Start of Block

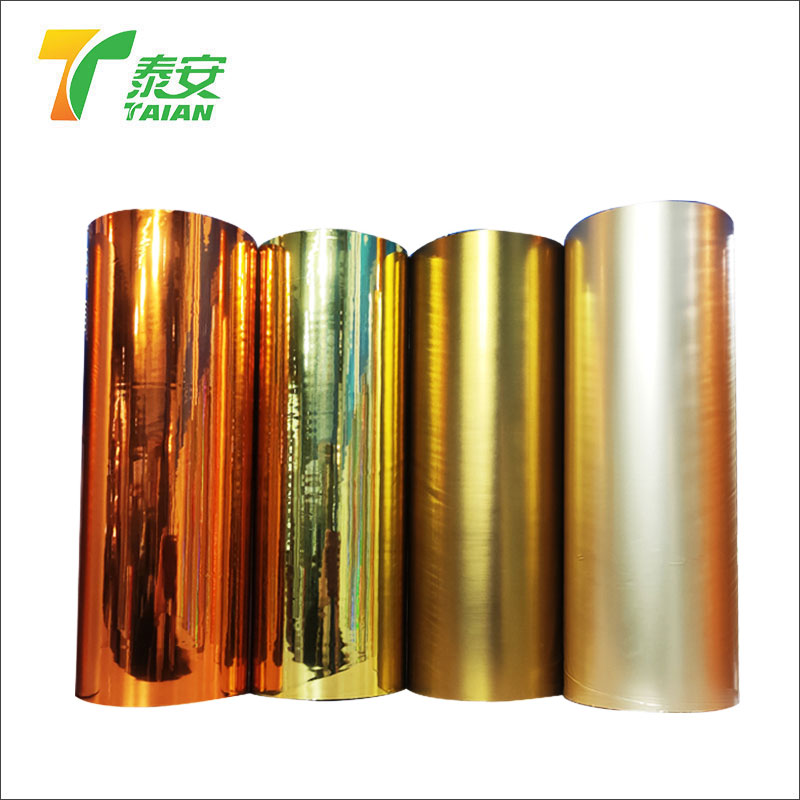 ฟิล์มเคลือบความร้อน Metalized PET ทองสำหรับเล่นไพ่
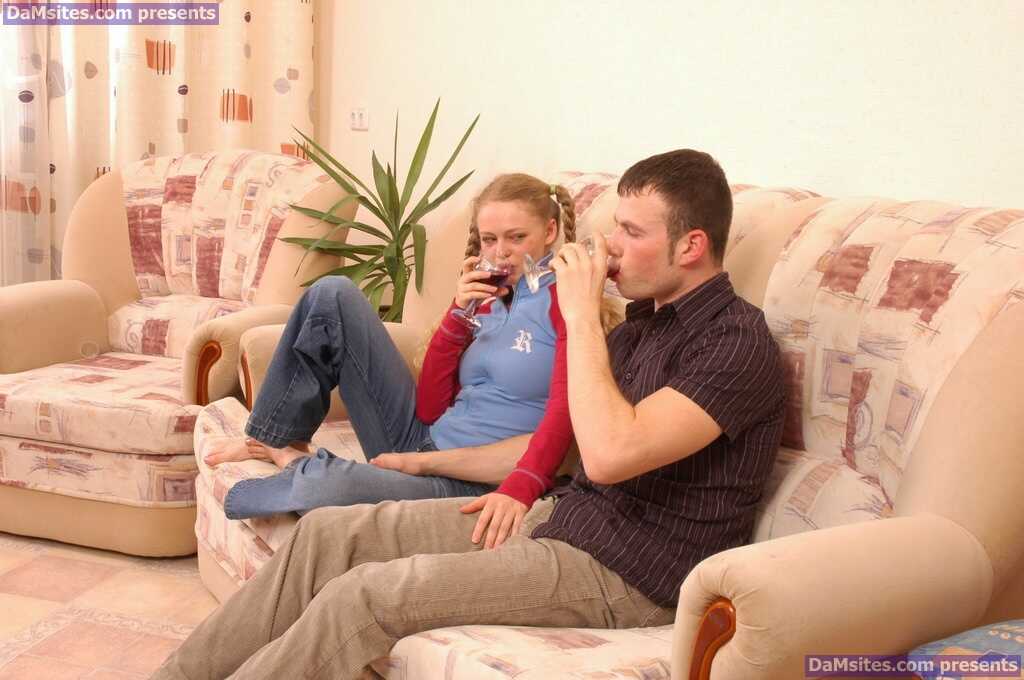 Pigtailed Carrie's Step-Dad Slamming His Cock in Her Perky Tits and Olga Shkabarnya's Well-Endowed Hardcore Adve...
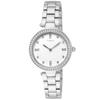 TIMEX Adoon Watch, 32mm, Women's, Silver Dial, Brass, Mineral Glass, Quartz, Japanese Movement, America Watch TW2V45000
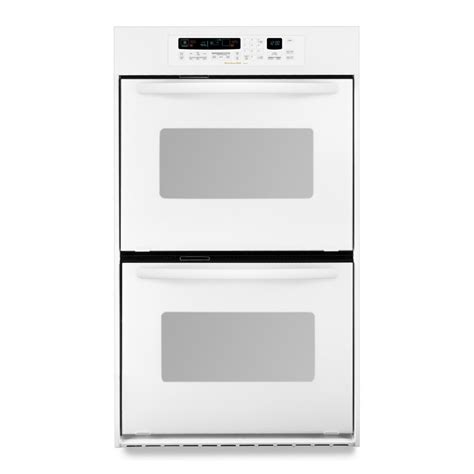 Kitchenaid Architect Convection Double Electric Wall Oven White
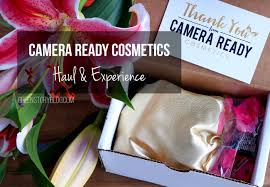 camera ready cosmetics haul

End of Block

▶ WHAT THIS TASK INVOLVES: The answer must match the entries above line for line, with the pictures dropped.

▶ FINAL ANSWER:
 ฟิล์มเคลือบความร้อน Metalized PET ทองสำหรับเล่นไพ่
 Pigtailed Carrie's Step-Dad Slamming His Cock in Her Perky Tits and Olga Shkabarnya's Well-Endowed Hardcore Adve...
 TIMEX Adoon Watch, 32mm, Women's, Silver Dial, Brass, Mineral Glass, Quartz, Japanese Movement, America Watch TW2V45000
 Kitchenaid Architect Convection Double Electric Wall Oven White
 camera ready cosmetics haul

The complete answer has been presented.